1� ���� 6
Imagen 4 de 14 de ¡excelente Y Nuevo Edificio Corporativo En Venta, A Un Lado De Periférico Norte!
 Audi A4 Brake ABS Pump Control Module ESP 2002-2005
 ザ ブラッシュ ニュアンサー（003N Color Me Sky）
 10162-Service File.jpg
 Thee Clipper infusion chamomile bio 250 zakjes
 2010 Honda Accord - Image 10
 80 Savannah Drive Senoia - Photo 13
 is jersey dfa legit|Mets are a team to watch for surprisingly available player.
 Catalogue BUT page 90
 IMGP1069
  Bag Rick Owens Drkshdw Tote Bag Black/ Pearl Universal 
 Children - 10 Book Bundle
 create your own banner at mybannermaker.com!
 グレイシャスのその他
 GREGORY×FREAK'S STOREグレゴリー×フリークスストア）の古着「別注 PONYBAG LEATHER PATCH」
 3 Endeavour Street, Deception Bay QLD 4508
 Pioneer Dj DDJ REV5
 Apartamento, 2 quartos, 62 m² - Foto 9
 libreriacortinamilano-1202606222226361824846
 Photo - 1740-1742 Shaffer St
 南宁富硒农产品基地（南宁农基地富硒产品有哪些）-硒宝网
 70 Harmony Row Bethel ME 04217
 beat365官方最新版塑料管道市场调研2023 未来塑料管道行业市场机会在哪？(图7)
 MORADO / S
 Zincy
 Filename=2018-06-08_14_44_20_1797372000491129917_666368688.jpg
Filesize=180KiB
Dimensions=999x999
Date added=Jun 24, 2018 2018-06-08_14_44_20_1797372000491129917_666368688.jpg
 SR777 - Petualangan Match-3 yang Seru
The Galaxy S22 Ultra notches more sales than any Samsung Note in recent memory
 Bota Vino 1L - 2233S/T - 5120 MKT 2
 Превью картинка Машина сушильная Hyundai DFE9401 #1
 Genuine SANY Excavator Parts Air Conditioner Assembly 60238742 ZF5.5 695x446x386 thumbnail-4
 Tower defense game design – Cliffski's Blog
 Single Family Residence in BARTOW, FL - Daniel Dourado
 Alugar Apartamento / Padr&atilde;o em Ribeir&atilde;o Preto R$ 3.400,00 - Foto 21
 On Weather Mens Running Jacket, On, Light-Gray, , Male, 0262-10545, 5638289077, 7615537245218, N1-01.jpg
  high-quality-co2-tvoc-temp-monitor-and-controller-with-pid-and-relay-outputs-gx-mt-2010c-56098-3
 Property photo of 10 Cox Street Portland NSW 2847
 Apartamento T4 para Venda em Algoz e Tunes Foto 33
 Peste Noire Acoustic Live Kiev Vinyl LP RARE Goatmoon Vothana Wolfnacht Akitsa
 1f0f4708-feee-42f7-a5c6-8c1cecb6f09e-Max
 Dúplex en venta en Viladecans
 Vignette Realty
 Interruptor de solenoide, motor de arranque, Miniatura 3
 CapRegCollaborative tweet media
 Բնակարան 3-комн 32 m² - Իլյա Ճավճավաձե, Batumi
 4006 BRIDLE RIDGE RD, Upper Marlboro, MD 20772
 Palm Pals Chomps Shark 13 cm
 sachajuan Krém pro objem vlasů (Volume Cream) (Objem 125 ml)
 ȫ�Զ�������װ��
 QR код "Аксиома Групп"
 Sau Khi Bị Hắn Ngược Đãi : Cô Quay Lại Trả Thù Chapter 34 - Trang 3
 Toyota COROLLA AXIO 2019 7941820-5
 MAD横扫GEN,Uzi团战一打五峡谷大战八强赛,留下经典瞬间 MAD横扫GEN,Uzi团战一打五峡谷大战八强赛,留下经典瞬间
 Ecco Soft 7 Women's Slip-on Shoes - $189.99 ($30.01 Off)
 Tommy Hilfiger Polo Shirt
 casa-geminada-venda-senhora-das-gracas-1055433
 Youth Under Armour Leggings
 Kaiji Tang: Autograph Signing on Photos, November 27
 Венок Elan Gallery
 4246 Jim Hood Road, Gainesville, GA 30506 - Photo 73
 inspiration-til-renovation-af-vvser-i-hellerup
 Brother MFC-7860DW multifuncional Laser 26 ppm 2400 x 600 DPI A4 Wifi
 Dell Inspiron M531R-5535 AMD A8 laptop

====

Print exactly the lines of the listing above starting at the line containing "Apartamento T4 para" and ending at the line containing "casa-geminada-venda-senhora-das-gracas-1055433", both included.

• _Task answer_
 Apartamento T4 para Venda em Algoz e Tunes Foto 33
 Peste Noire Acoustic Live Kiev Vinyl LP RARE Goatmoon Vothana Wolfnacht Akitsa
 1f0f4708-feee-42f7-a5c6-8c1cecb6f09e-Max
 Dúplex en venta en Viladecans
 Vignette Realty
 Interruptor de solenoide, motor de arranque, Miniatura 3
 CapRegCollaborative tweet media
 Բնակարան 3-комн 32 m² - Իլյա Ճավճավաձե, Batumi
 4006 BRIDLE RIDGE RD, Upper Marlboro, MD 20772
 Palm Pals Chomps Shark 13 cm
 sachajuan Krém pro objem vlasů (Volume Cream) (Objem 125 ml)
 ȫ�Զ�������װ��
 QR код "Аксиома Групп"
 Sau Khi Bị Hắn Ngược Đãi : Cô Quay Lại Trả Thù Chapter 34 - Trang 3
 Toyota COROLLA AXIO 2019 7941820-5
 MAD横扫GEN,Uzi团战一打五峡谷大战八强赛,留下经典瞬间 MAD横扫GEN,Uzi团战一打五峡谷大战八强赛,留下经典瞬间
 Ecco Soft 7 Women's Slip-on Shoes - $189.99 ($30.01 Off)
 Tommy Hilfiger Polo Shirt
 casa-geminada-venda-senhora-das-gracas-1055433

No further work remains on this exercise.